Kommt sehr wenig Wasser aus dem Rohr, da sind aber auch noch andere Algen mit im Spiel. Du hast doch mal von zwei Pumpen geschrieben.
Ich schreibe einfach mal was ich sehe bzw. was ich nicht sehe.
Kein Skimmer?
Deine Pflanzen-Inseln sehen so "abgesperrt" aus(rechte Seite), es ist nicht genau zusehen.
Sehe auch viele kahle Stellen, wo noch Pflanzen dazu kommen könnten.
Ansonsten wie oben beschrieben!


----------



## jolantha (13. Feb. 2016)

Hallo Ron, 
doch Skimmer ist vorhanden, kann man nur so nicht sehen, treiben die Schwimminseln grade vor. 
Die sind nicht abgesperrt, die haben bei mir " Freischwimmen" , und je nachdem wohin der Wind sie treibt, sind sie überall mal.


samorai schrieb:


> Sehe auch viele kahle Stellen, wo noch Pflanzen dazu kommen könnten.


Das erkläre bitte mal meinen Koi, die aber auch rein gar nichts wachsen lassen, was ich in der Flachzone einbuddele. 
Was nicht gleich gefressen wird, wird ausgebuddelt, und dann auf der Oberfläche hin und her geschubst ( tolles Spiel ) , 
und dann nach und nach als Nachtisch verputzt.


----------



## S.Reiner (14. Feb. 2016)

Hallo
wie alt ist das Bild den wenn Algen wachsen produzieren die erst mal viel Sauerstoff
aber wenn die Algen zu Schleim werden ist es umgedreht die Schleimalge frisst quasi den Sauerstoff im Teichwasser weg ( mal einfach gesagt )
ich würde eine Pumpe mitten im Teich rein legen mit Schlauch nach dem Teichrand und dort einen Filtersack ( Damenstrumpfhose ) dran machen
oder so wie ich Bild  
Was bei mir geht wird bei dir doch auch gehen


----------



## jolantha (14. Feb. 2016)

Reiner, das Bild ist vom letzten Sommer, und die Algen sind erst zum Winter hin aufgetaucht, und kleben jetzt auf der Folie
fest, erst in hellgrün, dann dunkelgrün und jetzt in schleimig übergehend.
Sobald das Wetter ein bißchen bessser ist, werde ich mit dem Schlammsauger den Mülm aus der Flachzone rausholen, und dann mit dem
Schrubber die Algen vernichten. 
Eine Pumpe liegt mitten im Teich , und geht dann in einen Filter, die andere Pumpe geht an den Skimmer, und in den
nächsten Filter . 
Habe das ganze Jahr über eine Strumpfhose an beiden Filterausläufen befestigt.


----------



## Ida17 (14. Feb. 2016)

Hallöchen!
So wie du es beschreibst Anne, sieht es bei mir auch aus "schleimig jedoch vitaminreich?!"  egal wie oft ich mit dem Kescher durchgehe, die Algen bleiben haften.
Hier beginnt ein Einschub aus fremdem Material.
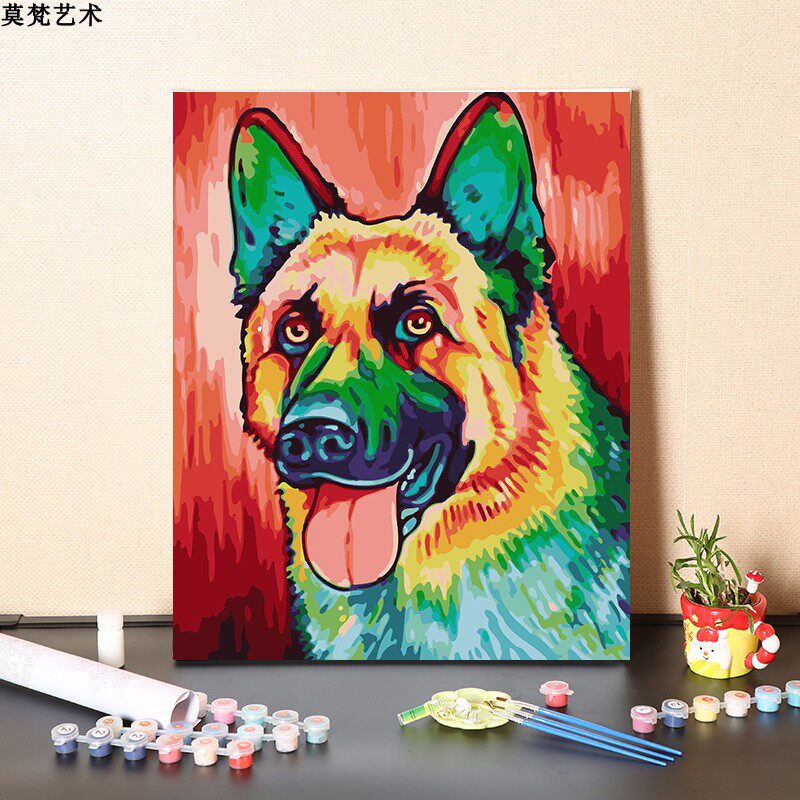 数字油画diy填充卡通动物彩色大狼狗手工填色牧羊犬丙烯画油彩画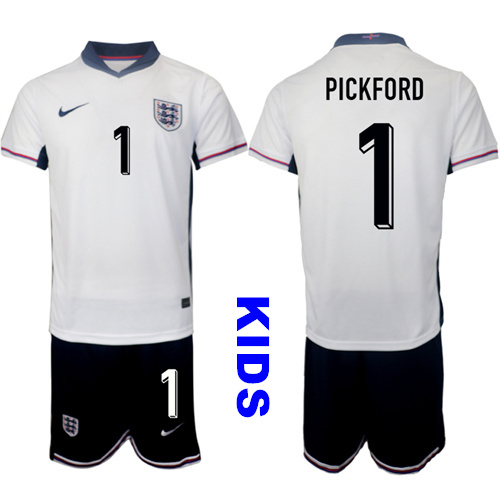 Youth England #1 PICKFORD 2024-25 Home Kids Soccer Suit Jersey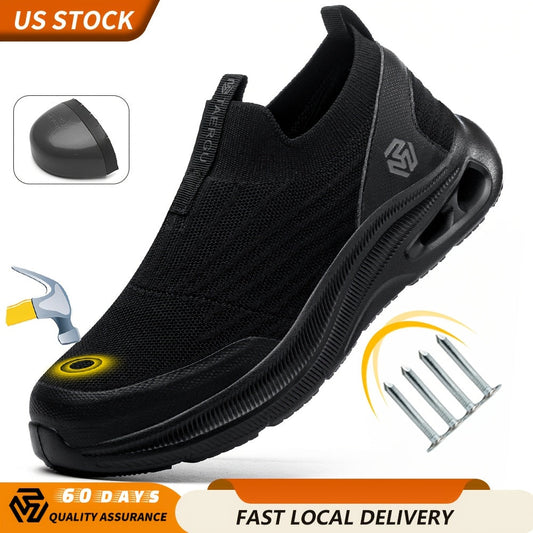 Steel Toe Work Shoes for Men Slip-On Lightweight Safety Sneakers Puncture-Resistant Non-Slip Loafers Black Grey Blue Sizes US 5.5-14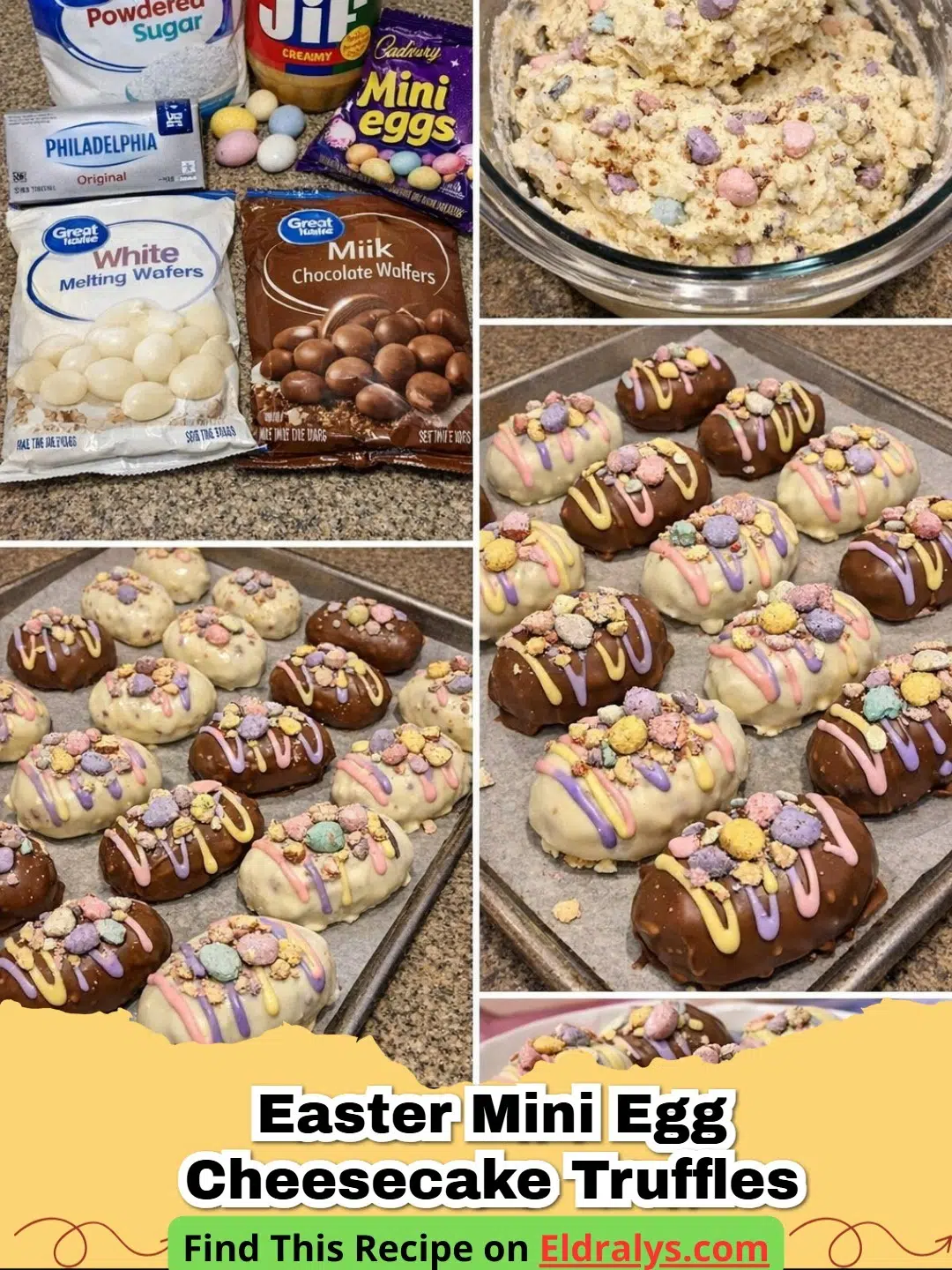A tray of Easter Mini Egg Peanut Butter Cheesecake Truffles decorated with pastel eggs.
Auch wenn es nur Pflanzen sind, manches Mal sehen die doch recht unappetitlich aus


----------



## tosa (14. Feb. 2016)

Ida17 schrieb:


> Hallöchen!
> So wie du es beschreibst Anne, sieht es bei mir auch aus "schleimig jedoch vitaminreich?!"  egal wie oft ich mit dem Kescher durchgehe, die Algen bleiben haften. Auch wenn es nur Pflanzen sind, manches Mal sehen die doch recht unappetitlich aus



Vitaminreich???

Dann mal guten Appetit oder nimmst du es als gesichtsmaske, grins


----------



## Ida17 (14. Feb. 2016)

Na das wäre mal ne Idee, da könnte man sich die teuren Kuren ja sparen!


----------



## S.Reiner (14. Feb. 2016)

Ob das bei mir noch hilft so nee Algenpackung 
ich habe den ganzen Filtersack voll das müsste doch reichen um 10 Jahre Jünger aus zu Sehen


----------



## trampelkraut (14. Feb. 2016)

S.Reiner schrieb:


> Ob das bei mir noch hilft so nee Algenpackung
> ich habe den ganzen Filtersack voll das müsste doch reichen um 10 Jahre Jünger aus zu Sehen



Wennd du am Abend den Jack Daniels weglässt, siehst du am Morgen besser aus. Da brauchst du keine Algenpackung!


----------



## samorai (14. Feb. 2016)

Hallo Jo!
Wenn es nicht mit der Bepflanzung im Teich geht, dann muss es eben außerhalb gehen.
Einen bepflanzten Filterteich, geht so etwas bei Dir?
Ist immer eine billigere Variante um den Algen die Nährstoffe zu entziehen, außerdem bringt er nur Vorteile, z.B. würde dieses Auslaufrohr aus dem Teichbereich verschwinden, dazu kann man einen breiten Einlauf-Bereich in den Teich gestalten, Pflanzen wo Deine Koi nicht ran kommen und ihre Aufgabe erfüllen. Keine Abänderung der vorhandenen Technik + Filter.
Die totale Reinigung ist doch nicht die Endlösung, erst einmal im Jahr ..... dann noch öfter......immer wieder muss der Teich bei Null anfangen, das führt doch zu nichts.


----------



## jolantha (14. Feb. 2016)

Ron, 
meinen Filterhochteich habe ich grade letzten Sommer platt gemacht, da die Folie undicht war. 
Ich neige eher dazu mir dieses Jahr einen Filtergraben anzulegen, Platz hab ich ja genug 
außerdem hätte ich noch gerne einen Wasserfall. 
Schaun wir mal


----------